With all due respect to Novak, I think his emphasis on the danger of relying on an insurance broker is off the mark. It has been my privilege as an insurance broker to work with many outside counsel while they represented many different companies, and in many cases these lawyers are quite knowledgeable about insurance issues. By and large, however, these lawyers generally lack day-to-day knowledge of the insurance marketplace. Even lawyers that have very detailed knowledge about the insurance issues and other legal considerations have limited knowledge about the mechanics of the D&O insurance procurement process; of the various carriers in the marketplace and of their peculiarities of their expectations and practices; and of the range of likely possibilities available from any given carrier in any given circumstances. Only a knowledgeable and experienced insurance broker can address these and the many other practical factors involved in any insurance transaction.
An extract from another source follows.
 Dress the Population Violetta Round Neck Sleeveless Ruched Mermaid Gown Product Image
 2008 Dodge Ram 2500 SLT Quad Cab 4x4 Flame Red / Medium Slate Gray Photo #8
Novak would have been providing better advice if, rather than trying to scare company officials about how dangerous it is for them to rely on their insurance brokers, he had communicated that the best approach is for companies to ensure that their brokers and their outside counsel work together collaboratively.


The most important consideration when it comes to insurance brokers is for companies to make sure that they have knowledgeable and experienced brokers involved in their insurance placement. Indeed, if companies have appropriately knowledgeable and experienced brokers involved, there usually is no need for the companies to incur the additional expense of involving outside counsel – as in fact is the case for many of our clients and the clients of other knowledgeable and experienced brokers.


Ten FCPA Facts You Need to Know: Here at The D&O Diary, we are big fans of the FCPA Professor Blog (here), which is written by Southern Illinois University Law School Professor Mike Koehler. We recommend the blog as one of the best resources available on all things relating to the FCPA. In addition, Professor Koehler has also published an interesting May 1, 2015 paper entitled “Ten Seldom Discussed Foreign Corrupt Practices Act Facts that You Need to Know” (here). His paper provides a number of interesting observations about the FCPA, including its limitations and its differences from similar anti-corruption laws in other jurisdictions, and what he characterizes as the SEC’s and DoJ’s questionable track record in enforcing the statute. The article is worth a read.